In developed markets, especially in the West, consolidation comes quickly. Acquisitions or incorporations are a regular event and we’re left with fewer, larger players in any given industry. These bring economies of scale when it comes to affording the high fees of existing payment networks and turns everything into a numbers game.
It also makes them somewhat lazy. When you own a payment gateway and have both low competition and high profits, why make the effort to innovate? You don’t want to create an entirely new system if you already own THE system. Just sit back and suck up the profits. Of course this isn’t always the case, but it is the status quo.
In emerging markets the characteristics lean more towards a large number of smaller, independently owned businesses where cash is still very much king. Your average street vendor, market stall, or family run business is unlikely to even have a bank account in most places, let alone the ability to accept Stripe.

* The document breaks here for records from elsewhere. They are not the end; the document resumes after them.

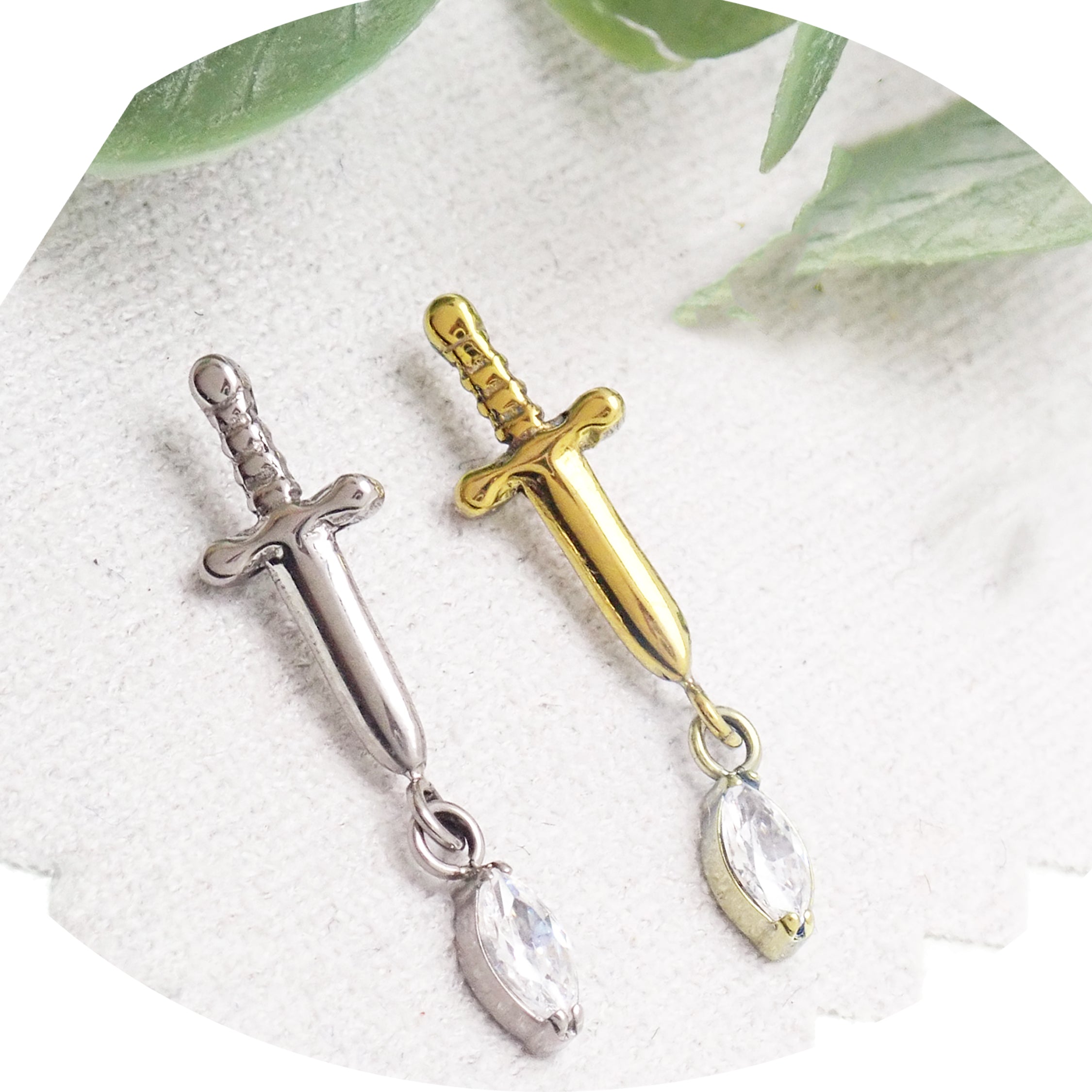 Titanium Dagger Flatback Piercing earrings in 14g, 16g, and 18g with a sleek dagger design from Body Clickers.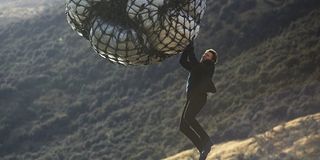 Mission: Impossible Fallout Ethan hanging from a cargo net in mid air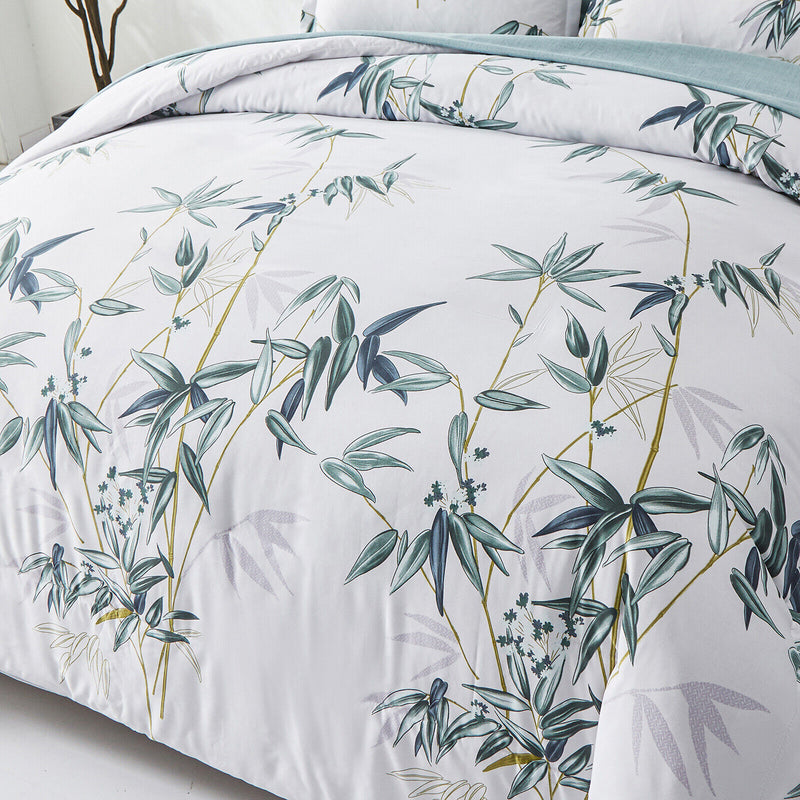 Floral Leaves Comforter Set, King Size, Quilted Bedding with Pillowcases featuring green leaf pattern on white background in bedroom setting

There’s also very little incentive to be ‘banked’. Considering the average transaction size of these solo-vendors may be as small as a few dollars (and Asia has millions of people surviving on less than $1-2 a day) transaction charges alone are going to wipe out an already meagre living. And for what? The joy of perhaps bailing that bank out one day?
It is here that the largest opportunity for bottom-up commerce exists. You won’t find a lot of bank accounts in Asia, but what you will find is one of the highest concentrations of mobile phones on the planet. When small business owners can take the initiative and accept digital payments without the onerous permission of established payment providers, the local economies can leverage the many benefits of blockchains and really begin to flourish.
As heart-warming as it is to hear of fully-banked westerners either saving money or sticking it to the man, Bitcoin has a much greater purpose for the world. It’s the perfect financial tool for liberating emerging economies and alleviating poverty. It just needs to get out there.
For this fight the blockchains biggest issue isn’t its technology, transparency, or usability – that’s already proven and there’s every reason for it to work in Asia. Instead, Bitcoin adoption is only going to come via a generational battle of education and awareness.
Indeed, the battle for hearts and minds is already underway in Asia, with great use cases in the Philippines where Bitcoin remittance is is already making a difference, or awareness initiatives already long underway like BitIslands in Bali.
All this and we’ve yet to mention perhaps the biggest reason of all…
#4 – The numbers involved
There’s a lot of Asian people who exchange currency for goods and services.Especially in Asia.
Just ask any Indonesian startup. They laugh at your ‘metrics’.
While the region’s massive potential for big blockchain plays has remained eerily untapped so far, there’s many more reasons than the ones listed above as to why it shouldn’t be underestimated.
When you take the perspective of the underbanked or unserved, mix it with a lot of hard-work, determination, and the ability to learn from the mistakes of other fully-developed nations, it’s hard to ignore the incredible potential that is boiling-up in Asia.
All that and I didn’t even mention China.